Records:

Segment Open

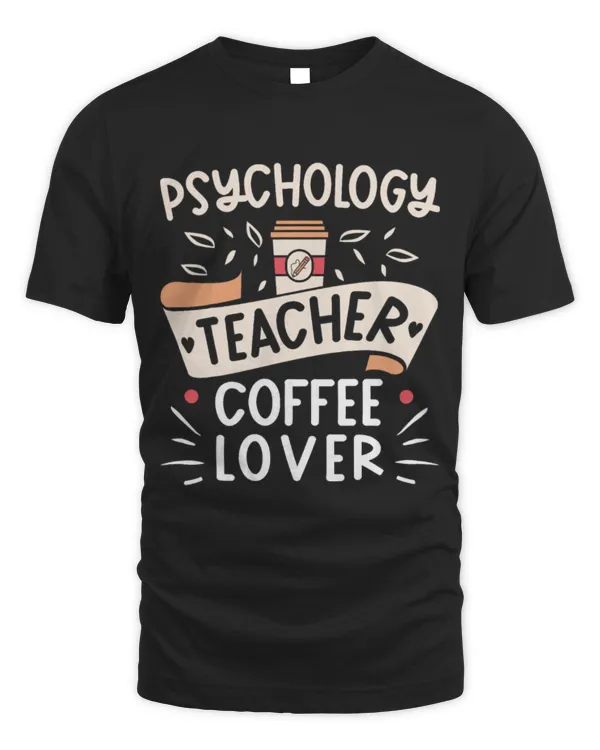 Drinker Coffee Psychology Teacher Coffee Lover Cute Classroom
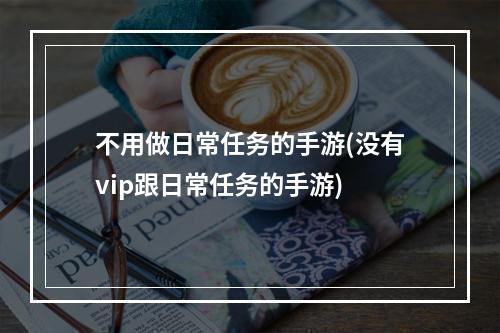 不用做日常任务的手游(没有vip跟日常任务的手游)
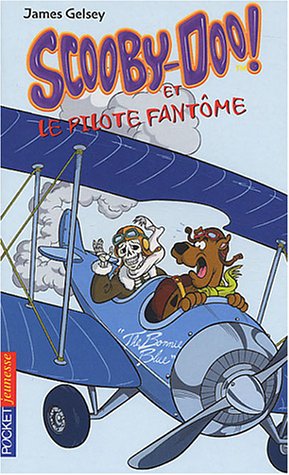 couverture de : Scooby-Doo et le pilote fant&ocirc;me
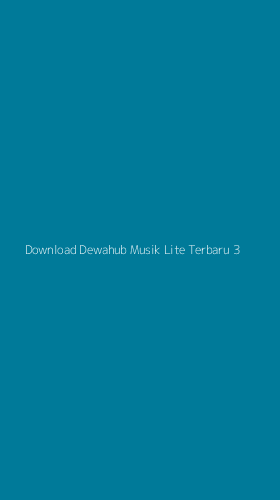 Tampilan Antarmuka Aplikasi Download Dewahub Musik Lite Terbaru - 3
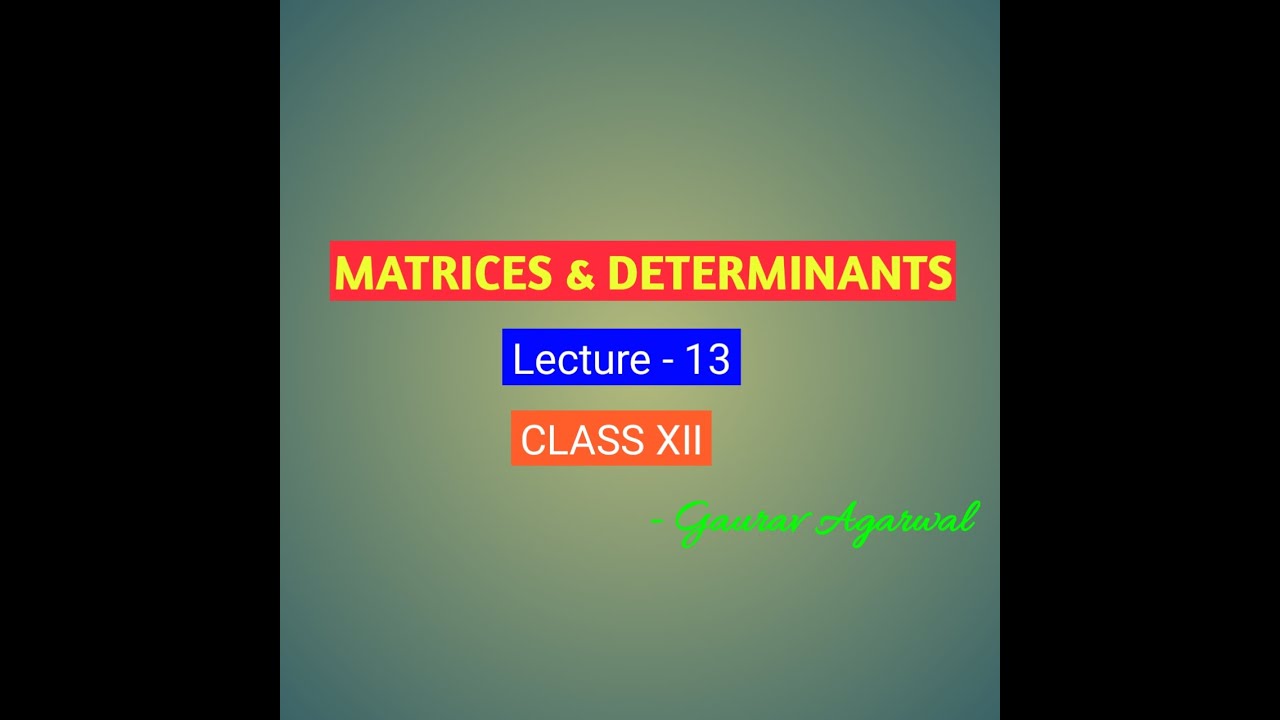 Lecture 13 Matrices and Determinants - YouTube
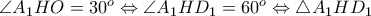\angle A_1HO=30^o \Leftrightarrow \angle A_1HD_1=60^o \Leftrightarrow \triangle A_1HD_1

Segment Closed
Segment Open

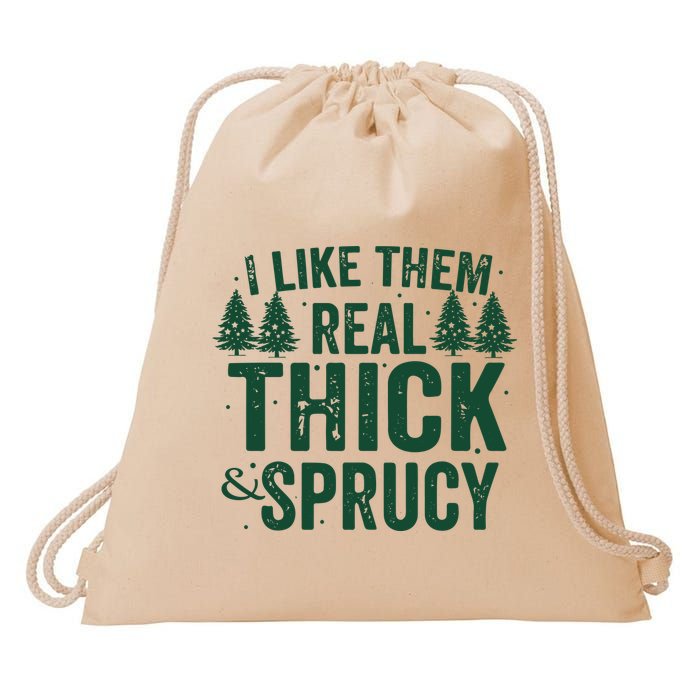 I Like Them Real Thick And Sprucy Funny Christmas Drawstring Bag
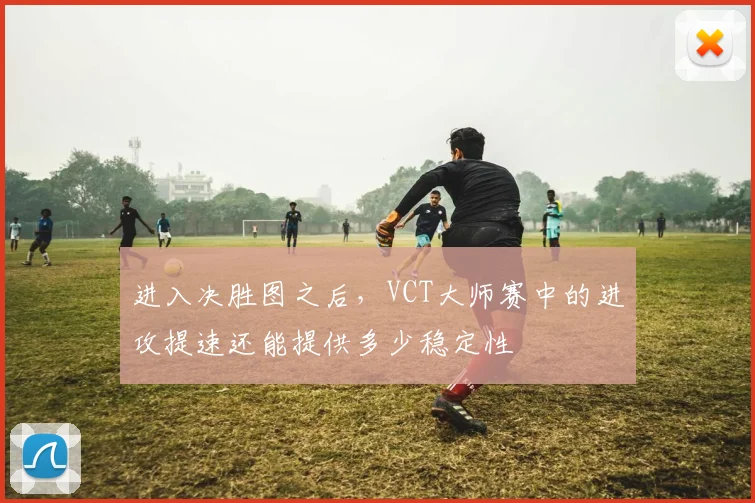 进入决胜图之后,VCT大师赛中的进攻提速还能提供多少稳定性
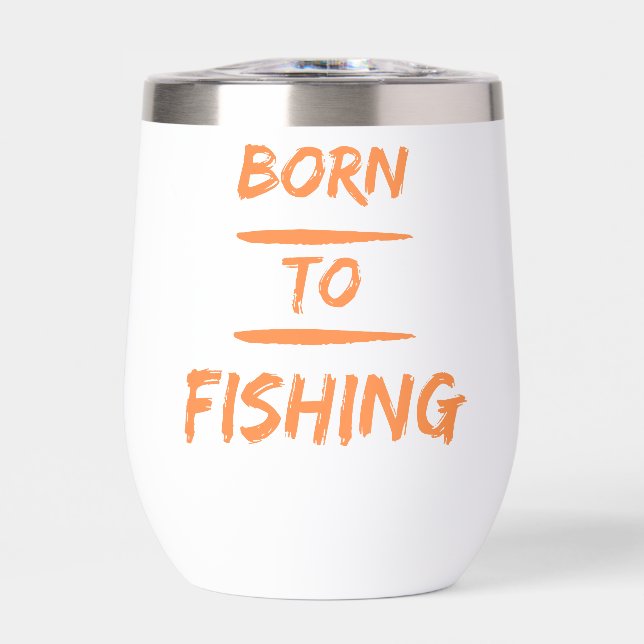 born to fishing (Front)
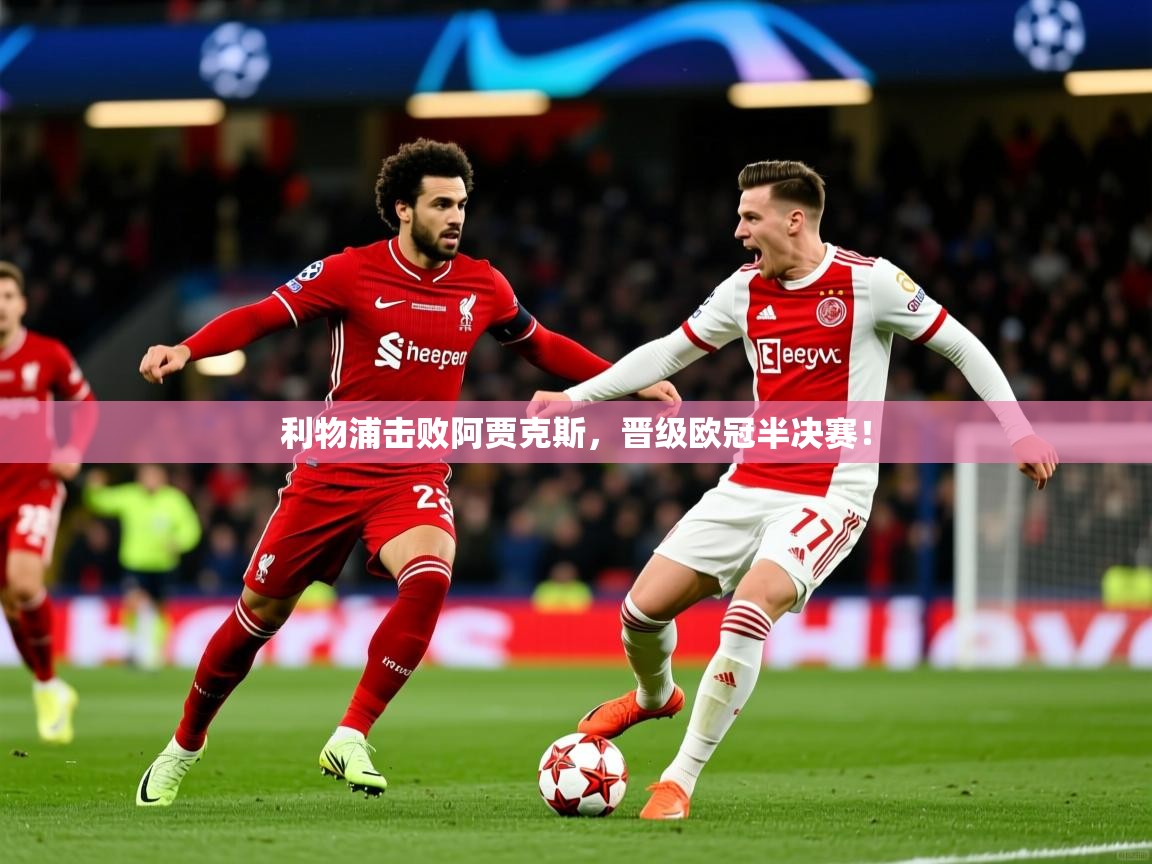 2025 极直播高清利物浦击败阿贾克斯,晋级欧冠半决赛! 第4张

Segment Closed
Segment Open

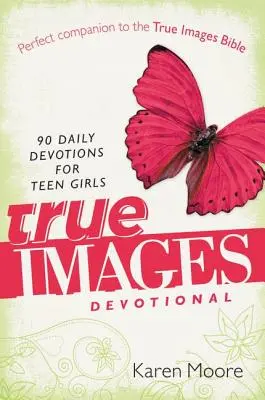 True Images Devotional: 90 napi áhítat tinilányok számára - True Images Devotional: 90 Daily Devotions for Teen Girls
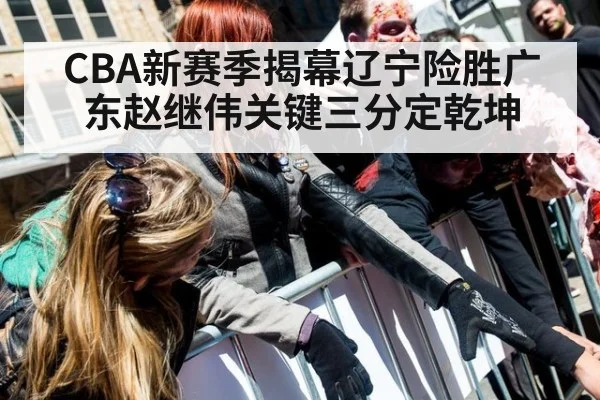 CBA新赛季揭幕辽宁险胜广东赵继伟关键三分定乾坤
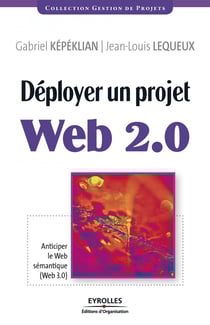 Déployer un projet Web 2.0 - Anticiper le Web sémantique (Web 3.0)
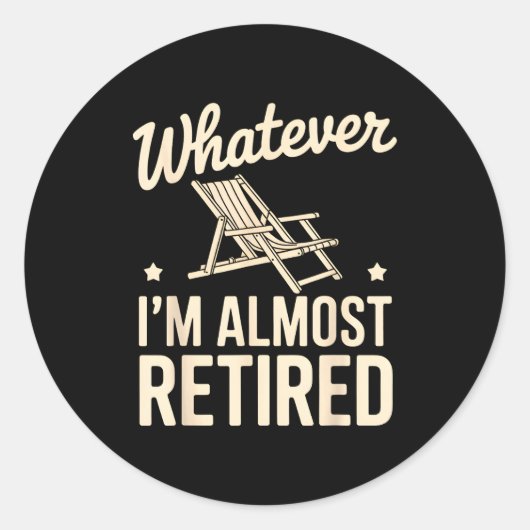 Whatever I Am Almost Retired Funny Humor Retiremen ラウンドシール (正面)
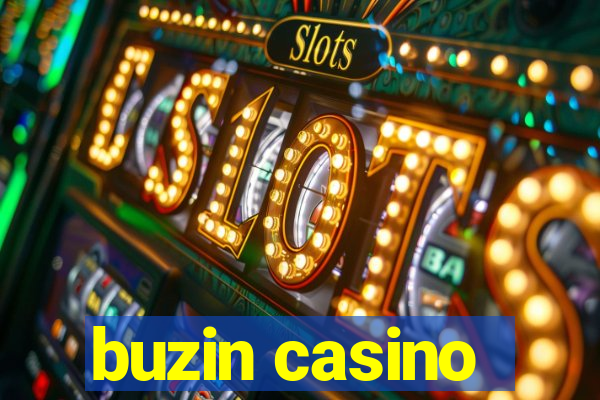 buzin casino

Segment Closed

Retype the lines above exactly as they appear, from the line containing "进入决胜图之后,VCT大师赛中的进攻提速还能提供多少稳定性" through the line containing "2025 极直播高清利物浦击败阿贾克斯,晋级欧冠半决赛! 第4张", and leave out any pictures.

Exercise answer:
 进入决胜图之后,VCT大师赛中的进攻提速还能提供多少稳定性
 born to fishing (Front)
 2025 极直播高清利物浦击败阿贾克斯,晋级欧冠半决赛! 第4张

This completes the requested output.